- Orban atrela a eleição de 12 de abril a uma escolha entre “guerra ou paz”, dizendo que adversários levariam a Hungria à guerra na Ucrânia.
- O governo tem feito campanhas para rejeitar ajuda financeira da União Europeia à Ucrânia e veicula críticas ao apoio de Bruxelas e de Kyiv.
- A oposição está dividida: o partido Tisza defende reentrar no eixo europeu, mas com oposição a uma adesão rápida da Ucrânia; os divided voters ainda estão indecisos.
- Analistas ligam o foco de Orban à economia estagnada, buscando manter estabilidade e segurança como base de apoio ao governo.

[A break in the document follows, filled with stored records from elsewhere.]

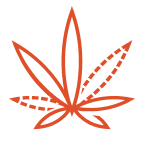 Global X Cannabis ETF Logo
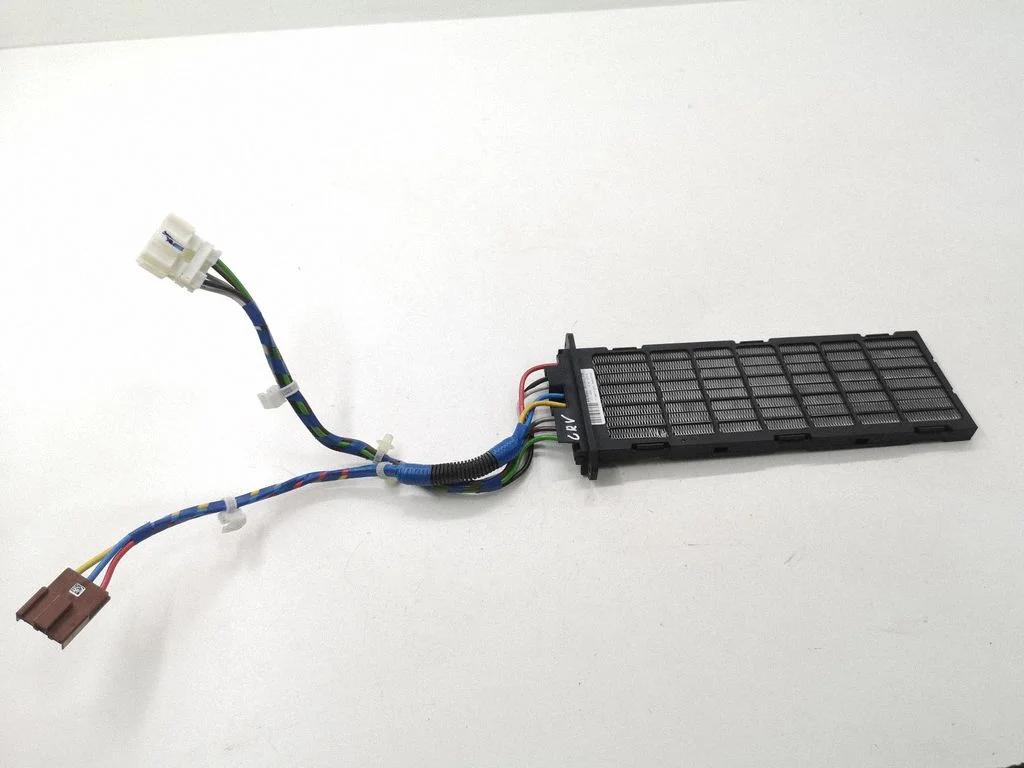 Elektriline salongi küttekeha radiaator – Honda CR-V (2013-2016)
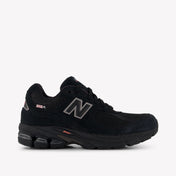 New Balance GC2002 Unisexe Baskets Noir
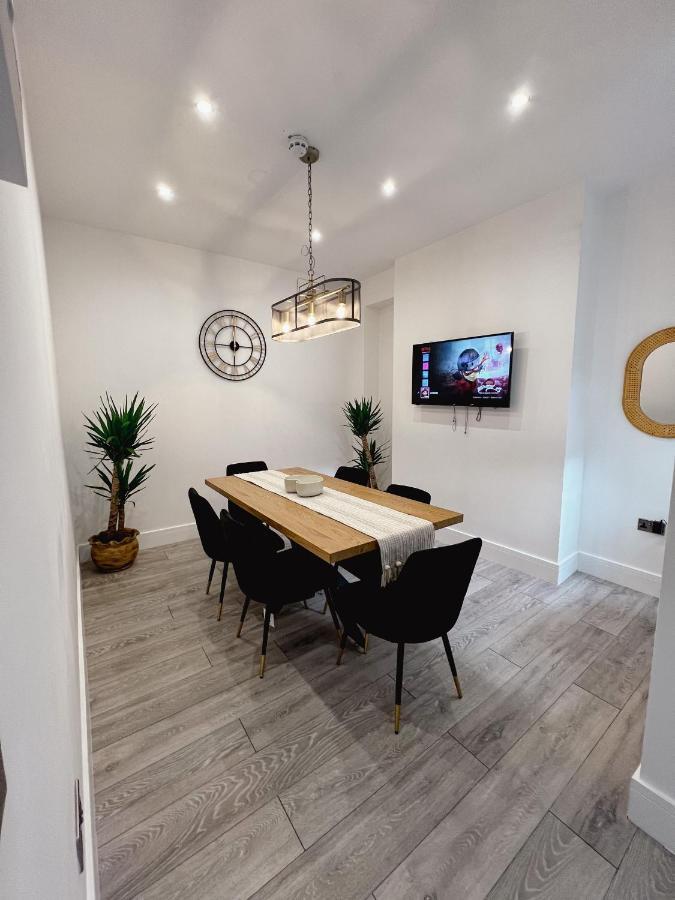 Stylish Stay Near The Stadium Walk To The Action Liverpool Luaran gambar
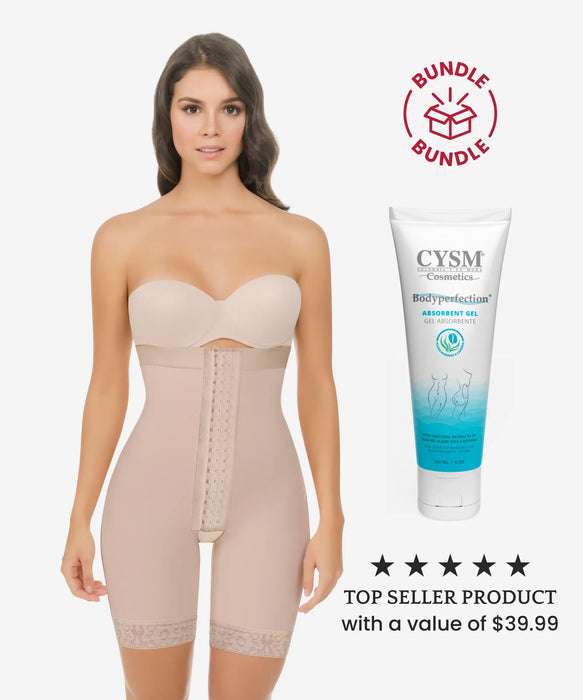 Bundle - Shaper 258 + Gel-CYSM Shapers- Bundle.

- Pesquisas indicam queda de apoio à Ucrânia entre eleitores, embora o favoritismo de Tisza varie entre eleitores decididos e indecisos.
Viktor Orban intensificou a campanha que disputa a reeleição em meio a críticas de oposição e incertezas econômicas. O premiê húngaro afirma que o pleito de 12 de abril coloca o país diante de uma escolha entre “guerra ou paz” e sustenta que seus adversários arrastariam a Hungraria para o conflito na Ucrânia.
Em mensagens divulgadas em redes sociais, Orban reforçou que, se for reeleito, manterá a linha de evitar envio de armas ou alinhamento com Kyiv, criticando a dependência de fundos europeus. A campanha também circula em veículos estatais, com mensagens contra o apoio a Kiev.
No centro das atenções, o partido Fidesz, liderado por Orban, disputa voto com o centro-direitista Tisza, que lidera as sondagens entre os indecisos. O Tisza defende uma aproximação com a UE, porém com cautela sobre a adesão rápida de Kyiv.
A economia húngara entra como componente estratégico. Analistas associam a ênfase de Orban à estagnação econômica e à inflação que, segundo eles, já recuou, mas deixou dúvidas sobre o desempenho futuro. A pauta econômica aparece como contraponto à retórica externa.
Em Gyongyos, cidade-base do Fidesz a cerca de 230 km da fronteira ucraniana, moradores divergem entre preocupações com a guerra e prioridades como saúde e educação. Alguns defendem estabilidade, outros destacam necessidades do dia a dia.
Especialistas destacam que a eleição pode redefinir relações de Hungria com a UE e com a Rússia. Orban já mantém contatos com Moscou, rejeita a adesão rápida de Kyiv à UE e critica o que chama de interferência externa.
A oposição, representada pelo Tisza, promete combater a corrupção e retomar canais de diálogo com Bruxelas, ao mesmo tempo em que evita prometer passos acelerados para a adesão de Kyiv. As propostas estão em avaliação pelos eleitores.
Dados de opinião indicam que, embora o Tisza apareça à frente entre votantes decididos, o eleitorado permanece amplamente indeciso. Orban aposta em manter o suporte com mensagens sobre estabilidade, segurança e frentes nacionalistas.